We start by considering the unstrained monolayer β-tellurene. The optimized structure maintains a perfect centrosymmetry with lattice constants a₀ = 5.62 Å and b₀ = 4.23 Å. In Zhu's work, the optimized lattice constants of β-tellurene are a = 5.49 Å and b = 4.17 Å. The difference arises from the different vdW method. In our work, we adopted DFT-D3 rather than DFT-D2 used in Zhu's work.¹ Phonon spectra are then recorded to examine the structural stability of tellurene. As is shown in Fig. 2(a), spectra without an imaginary frequency indicate the structural stability of unstrained β-tellurene. The asymmetric waterfall-like transverse optical phonon mode TO_y is also reported in a previous study.⁴ The corresponding optical vibration mode at the gamma points, which is along the y direction, is shown in the inset. This decrease in the frequency around the gamma point indicates a weak bonding strength.

Fig. 2 (a) Phonon spectra for β-tellurene without strain. Inset: vibration modes at the gamma point for the TO_y branch. (b) Phonon spectra of tellurene under 4% tensile strain.
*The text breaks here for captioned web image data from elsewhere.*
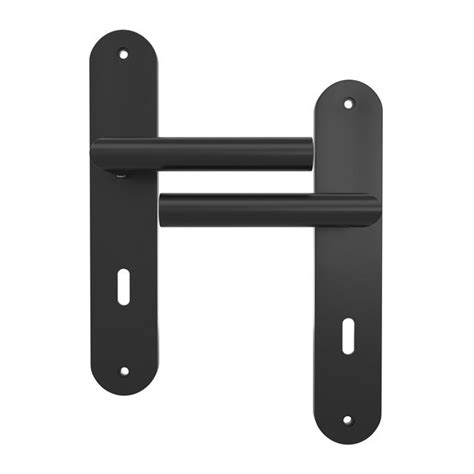 2 poignées de porte sara trou de clé inspire inox entraxe 195 mm noir mat leroy merlin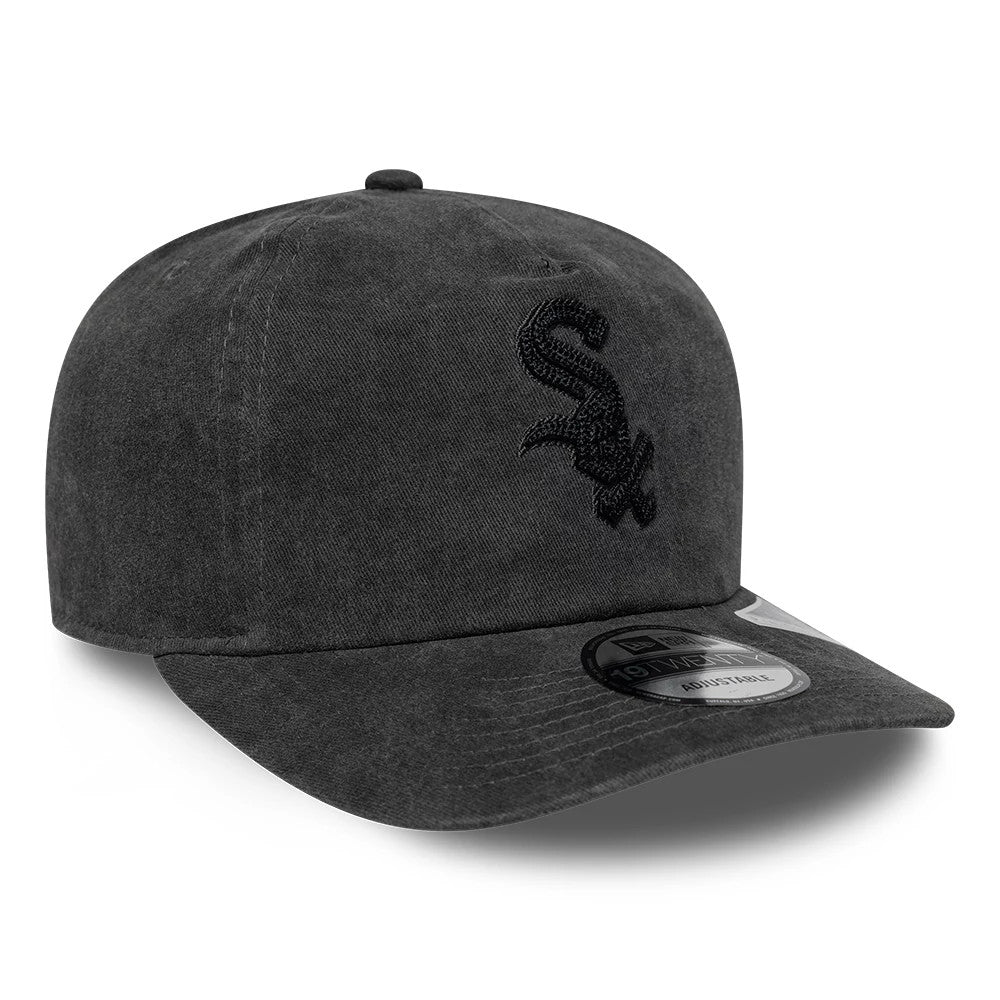 Chicago White Sox MLB Black New Era 19TWENTY Adjustable Cap, three-quarter view showing the raised black embroidered logo on the front panel, a matching black curved visor, and the 19TWENTY size sticker on the top of the visor.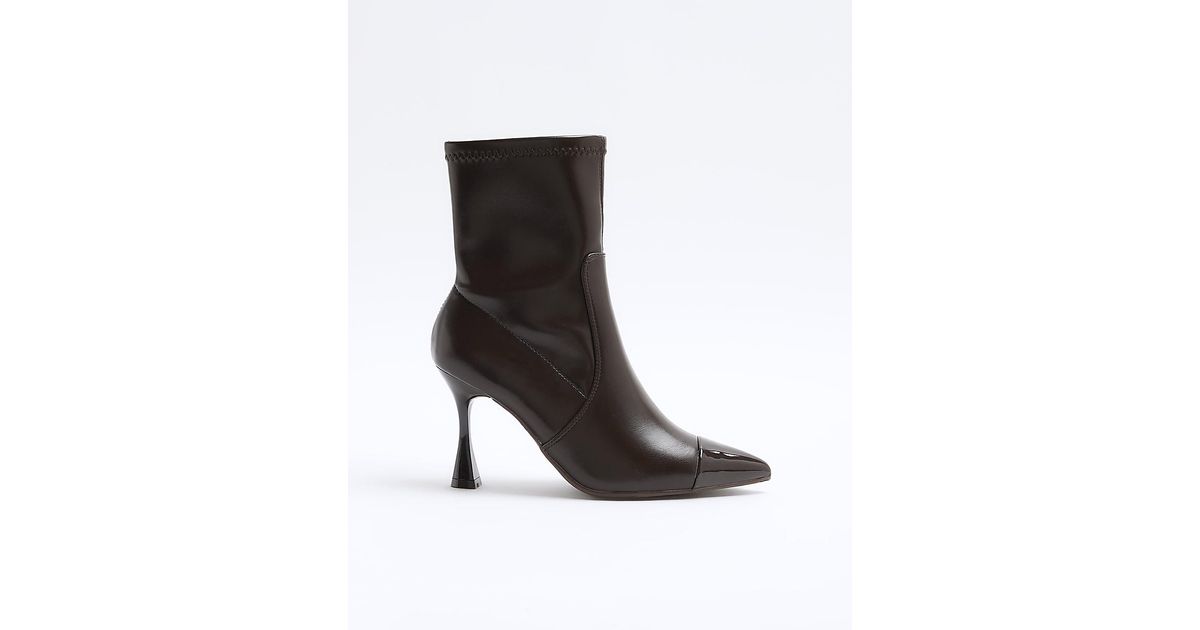 River Island Red Toe Cap Heeled Ankle Boots in Black | Lyst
Blue and red colour curves correspond to the phonon spectra of β- and α- tellurene, respectively.

A series of tensile biaxial strains are applied incrementally to the structure. The extended lattice constant due to the tensile strain is not optimized while the internal atoms are allowed to relax. The strain ε is defined as (l−l₀)/l₀, where l₀(l) denotes the lattice constant without (with) strain. At a small strain ε, the structure is maintained in the β-phase. The structure stability is confirmed from the phonon spectra (as shown in ESI Fig. S3(a)–(c)).† When a larger strain is applied, the β-phase structure is not stable any more (ESI Fig. S3(d)–(h)).†Fig. 2(b) shows the phonon spectra at ε = 4% tensile biaxial strain. Blue and red colour curves correspond to the phonon spectra of β- and α-tellurene, respectively. A large imaginary frequency near the gamma point of the centrosymmetric β-phase indicates the instability of the structure. The imaginary frequency modes of this optical branch TO_y at the gamma point correspond to a vibration mode by which the centre-layer Te atoms and the outer-layer Te atoms move toward opposite directions along the y axis, as shown in the inset of Fig. 2(a). Usually, such soft optical phonon modes indicate a structural distortion along the vibration direction. Inspired by this kind of distortion, by moving the centre-layer Te atoms with a tiny displacement along the y axis and then re-optimizing the structure, we obtain an energy-favourable α-phase tellurene. In contrast to the instability of β-tellurene under tensile strain, the imaginary frequency mode disappears for the α-phase as shown by the red curve in Fig. 2(b). The stability of α-phase tellurene under different tensile strains is confirmed by the phonon spectrum as shown in Fig. S5 of the ESI.† The effect of uniaxial strain on the stability of the structure is also studied. The uniaxial strain along the x direction does not change the stability of the structure (ESI Fig. S6†) while the strain along the y direction induces a large soft mode at the gamma point as shown in Fig. S7 of the ESI.† These results further confirm our previous conclusion from biaxial strain that the unstable β-phase under strain is related to the decrease of the atom interaction along the y-axis.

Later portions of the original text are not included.